DATA –
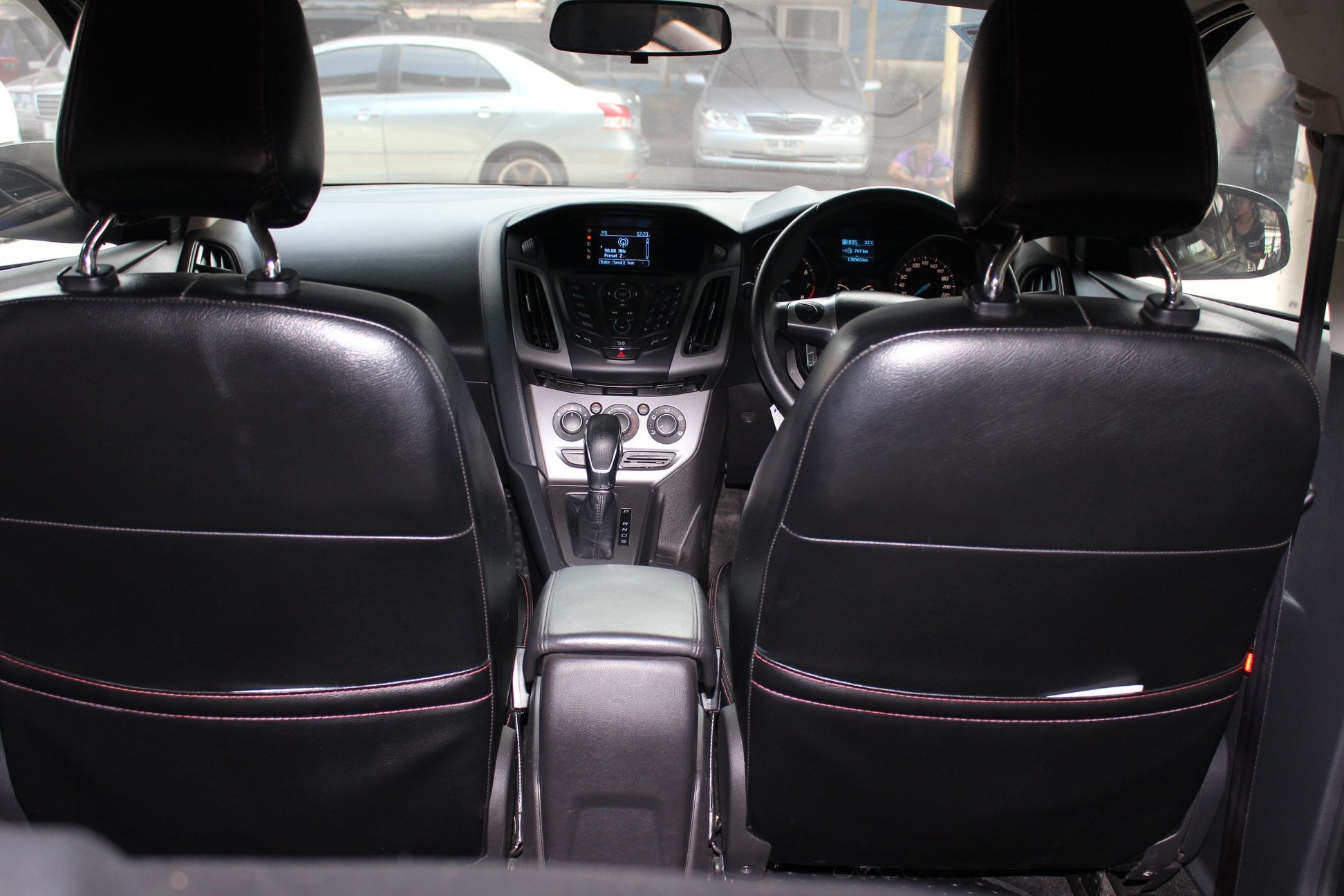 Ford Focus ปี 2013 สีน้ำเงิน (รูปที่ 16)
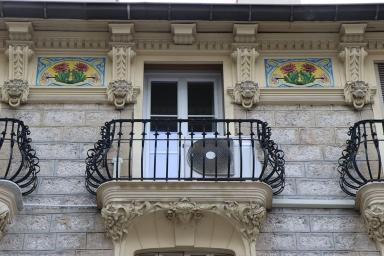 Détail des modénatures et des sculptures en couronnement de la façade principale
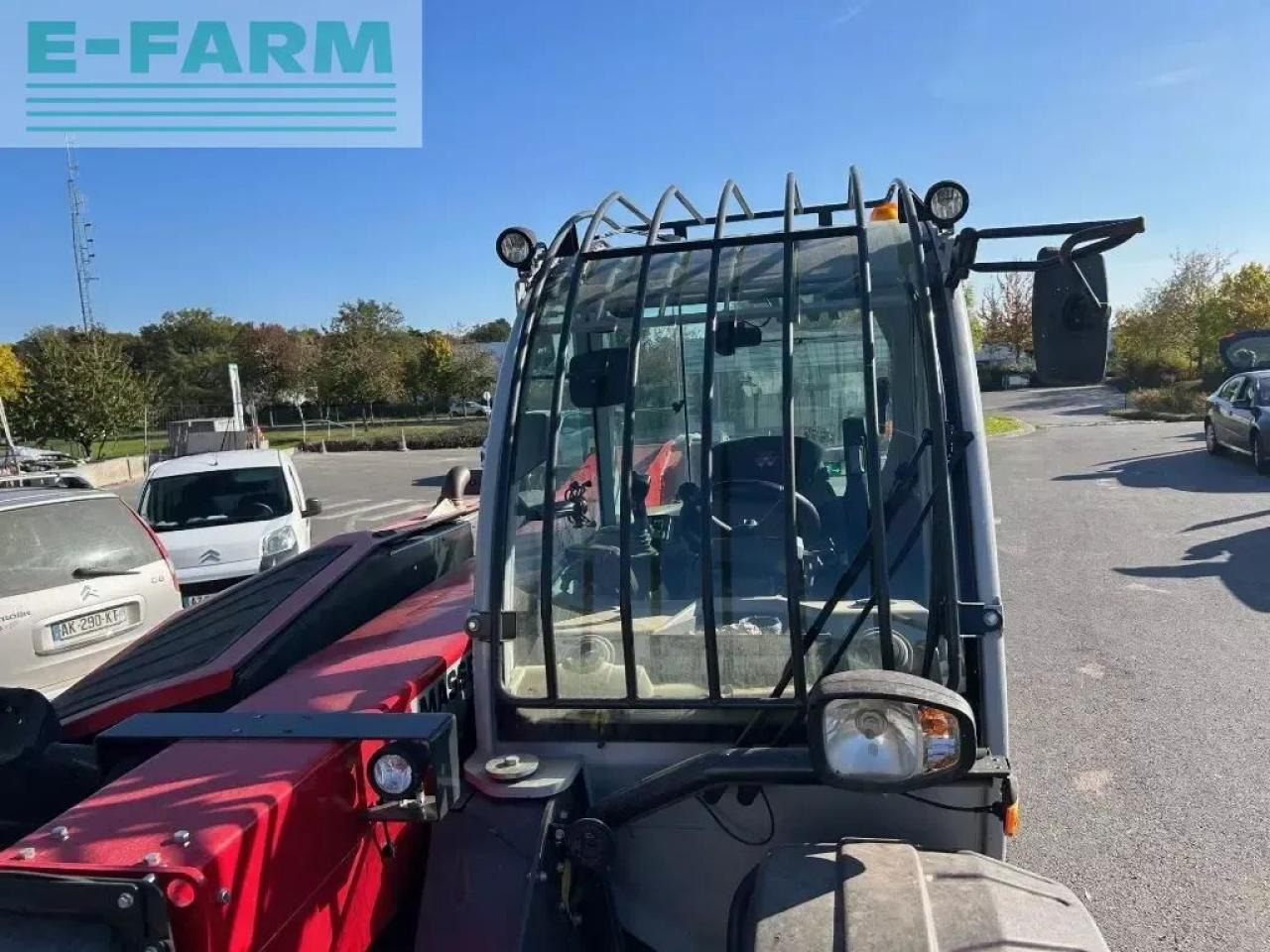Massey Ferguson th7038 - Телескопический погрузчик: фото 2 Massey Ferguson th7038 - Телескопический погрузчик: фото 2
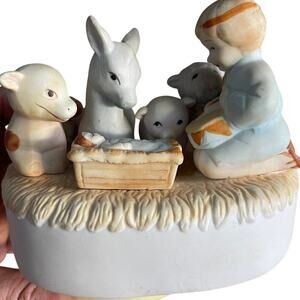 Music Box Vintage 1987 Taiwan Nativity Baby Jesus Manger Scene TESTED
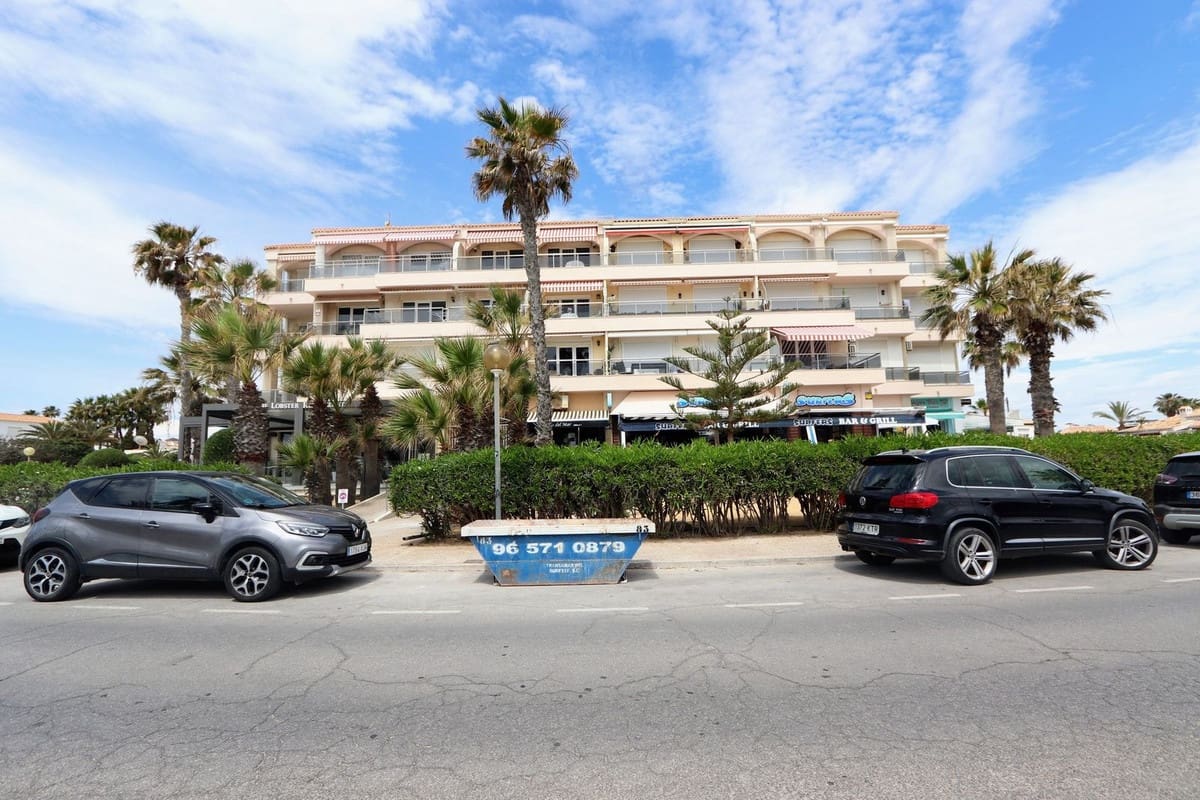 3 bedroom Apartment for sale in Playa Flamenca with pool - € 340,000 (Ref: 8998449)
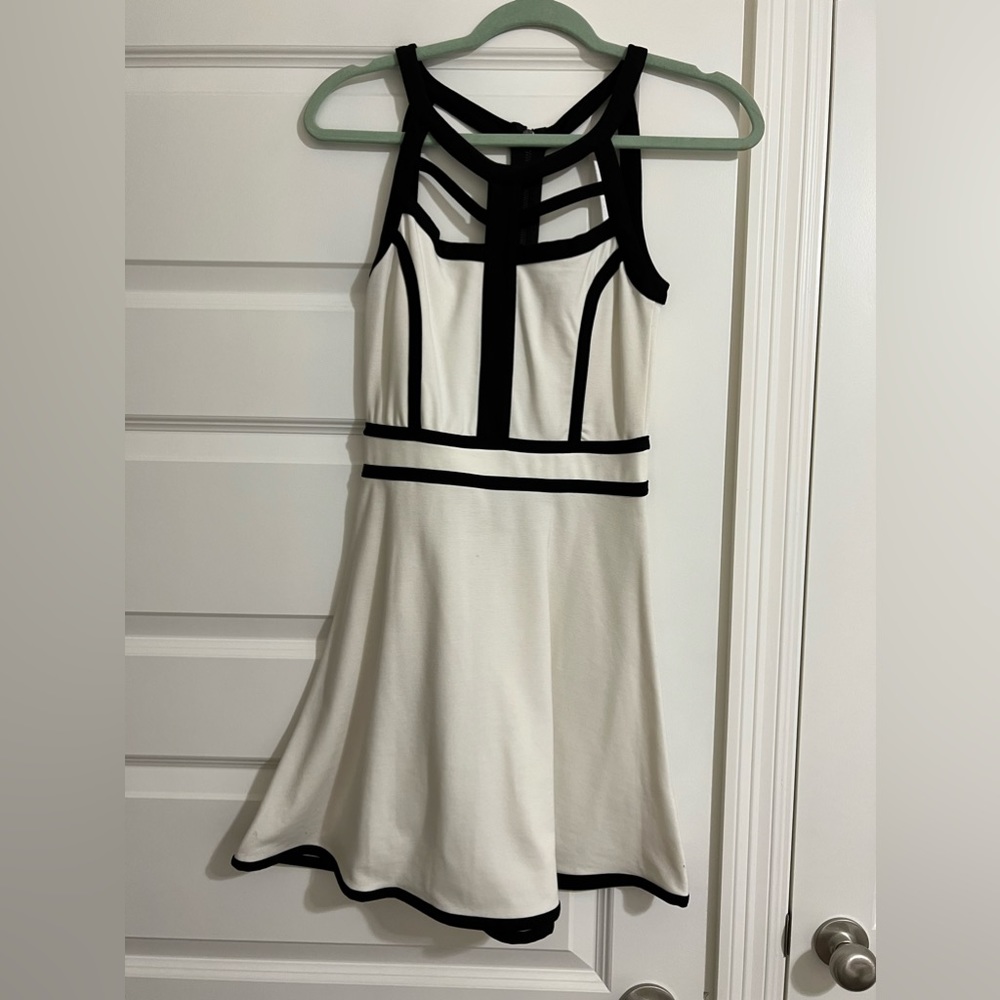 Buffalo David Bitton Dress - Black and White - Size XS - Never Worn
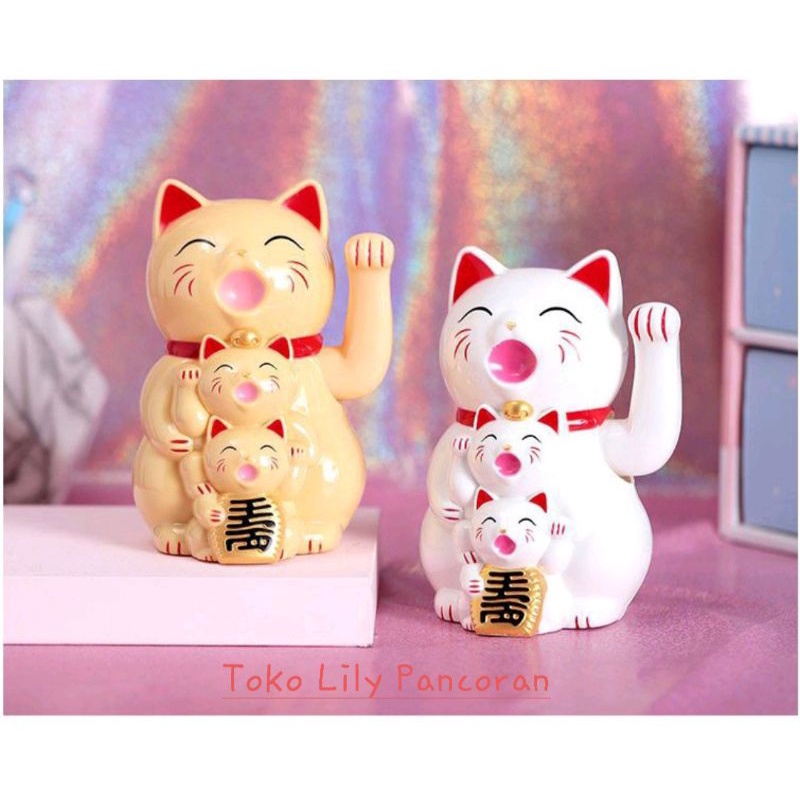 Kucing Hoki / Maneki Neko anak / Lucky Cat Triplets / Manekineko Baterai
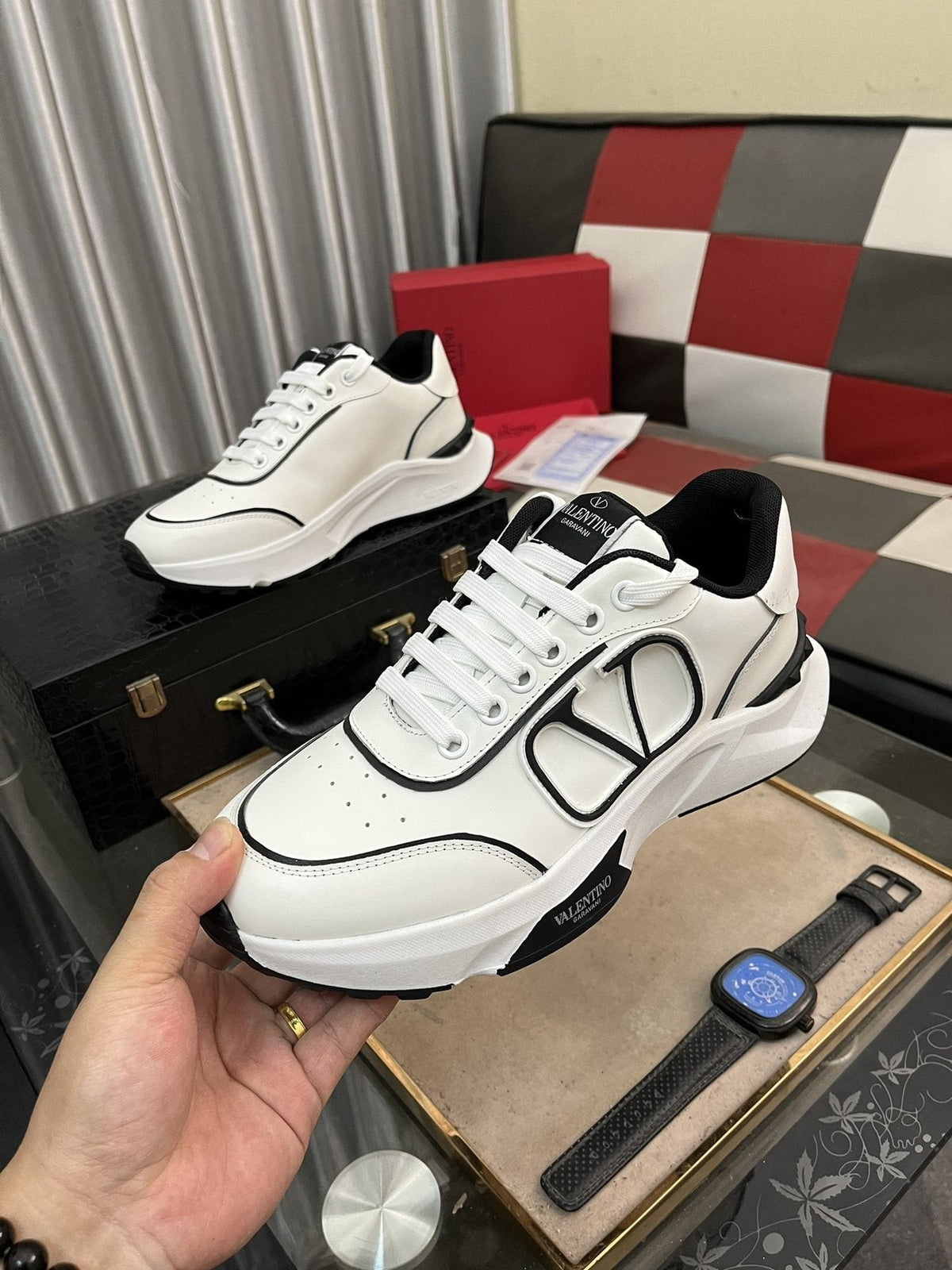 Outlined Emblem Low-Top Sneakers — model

EXERCISE REQUIREMENTS – Take the lines from the one containing "Buffalo David Bitton" through the last line of the listing and repeat them exactly. Omit the pictures.

EXERCISE RESULT –
 Buffalo David Bitton Dress - Black and White - Size XS - Never Worn
 Kucing Hoki / Maneki Neko anak / Lucky Cat Triplets / Manekineko Baterai
 Outlined Emblem Low-Top Sneakers — model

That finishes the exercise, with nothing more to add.